If you're going to play with oil...we should at least get some basic education of how these come to be. Print it, or read it at your own leasure time.
Exploration for oil and gas is conducted on a worldwide basis, both on land and on the continental shelves. Seismic surveys are conducted in advance of exploratory drilling. These surveys essentially map an area's geology by measuring the reflection of sound waves from the underlying rock strata, in particular looking for traps where petroleum may have accumulated. Seismic surveys provide a remarkably detailed overview of the geologic, structural, and stratigraphic conditions beneath the surface and under exceptional conditions may reveal directly the presence of gas.
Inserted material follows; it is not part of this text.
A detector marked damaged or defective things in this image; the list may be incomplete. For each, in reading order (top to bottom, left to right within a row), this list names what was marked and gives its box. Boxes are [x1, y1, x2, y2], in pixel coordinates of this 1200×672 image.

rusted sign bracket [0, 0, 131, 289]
New technologies, employing lasers and satellites, are also used to detect minute seepages that indicate underlying deposits.
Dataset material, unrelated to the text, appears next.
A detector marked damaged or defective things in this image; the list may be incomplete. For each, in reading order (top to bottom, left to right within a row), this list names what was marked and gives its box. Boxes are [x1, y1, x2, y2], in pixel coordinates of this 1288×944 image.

Normally, however, drilling is necessary to confirm the presence or absence of commercially producible amounts of gas and oil. Geologic information is also provided by drilling and is obtained through the use of modern borehole logging techniques. Drilling technology has advanced substantially in recent decades, particularly with respect to the capability of drilling from ships in water as deep as 1,800 m (6000 ft), or from platforms whose legs are anchored to the seafloor. The development of horizontal drilling techniques has increased productivity, allowing producers access to deposits that were previously left untapped.
Drilling
Most wells are now drilled by the rotary method. A steel bit attached to a drill pipe is revolved at the bottom of a hole. This action breaks up the rock by chipping and cutting it. Meanwhile a special mud mixture runs down through the multichannel drill pipe, lubricating the bit, carrying rock cuttings upward to the surface, and creating a pressure that prevents subsurface water from infiltrating the well area. When the drill reaches oil-bearing formations, a casing pipe containing special tubing is lowered into the hole and used to withdraw the fluid. If necessary, explosives or special acid or sand solutions may be injected through the casing pipe to break up the formation and increase the flow of oil and gas. The rate of the flow and the pressure and volume of the well are controlled by special pipings and gate valves--called a "Christmas tree"--installed on the drilling rig above ground.
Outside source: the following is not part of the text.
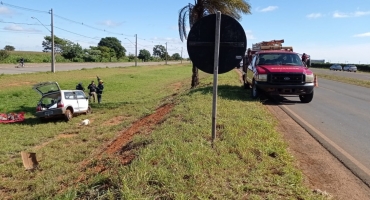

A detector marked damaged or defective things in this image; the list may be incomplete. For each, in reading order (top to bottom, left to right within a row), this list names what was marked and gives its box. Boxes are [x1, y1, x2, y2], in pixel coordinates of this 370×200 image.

white crashed car [33, 81, 91, 120]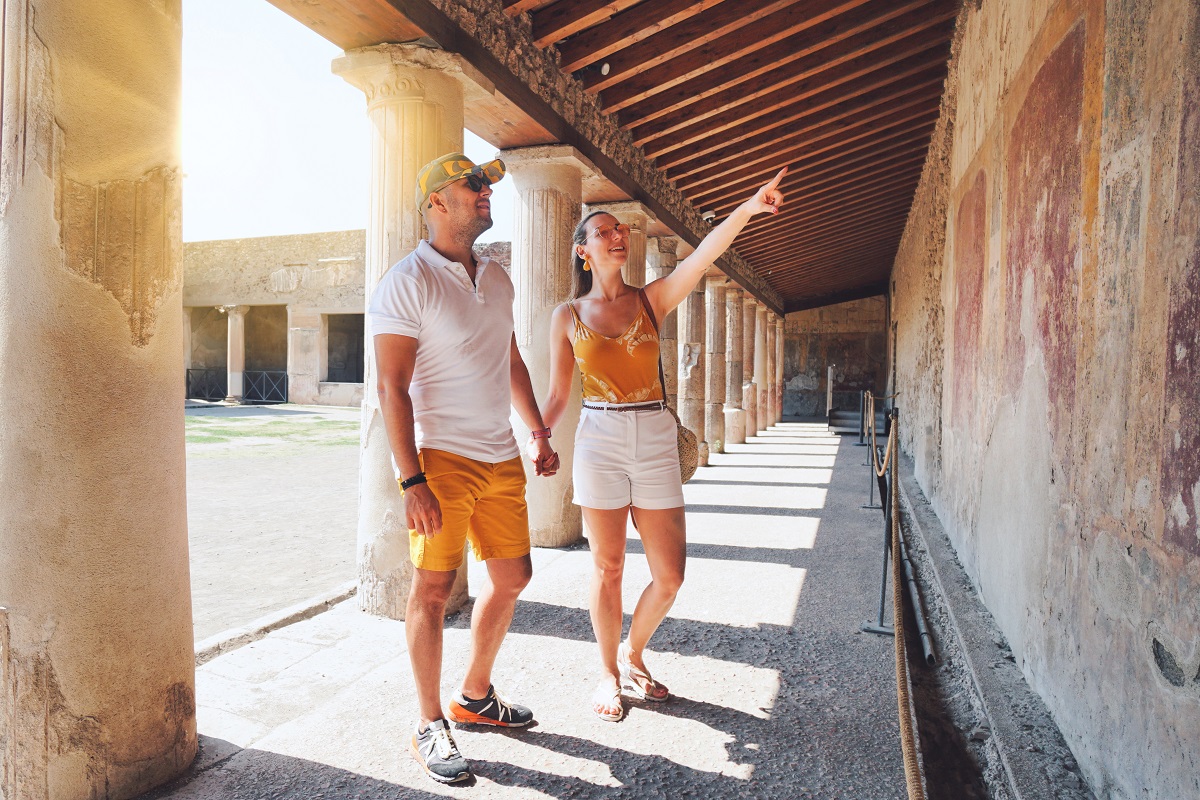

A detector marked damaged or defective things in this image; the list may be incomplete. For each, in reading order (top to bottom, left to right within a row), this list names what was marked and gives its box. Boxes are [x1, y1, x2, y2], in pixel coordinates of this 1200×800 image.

cracked plaster wall [892, 3, 1200, 796]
Once it has been established that a formation contains oil or gas, the precise limits of the field must be delineated through further drilling, since only a portion of any given geological formation will contain petroleum. Production begins once it is known that the extent of the field will allow economical exploitation, and the precise placement of wells is determined after analysis of the size of the field and the geology of the rock.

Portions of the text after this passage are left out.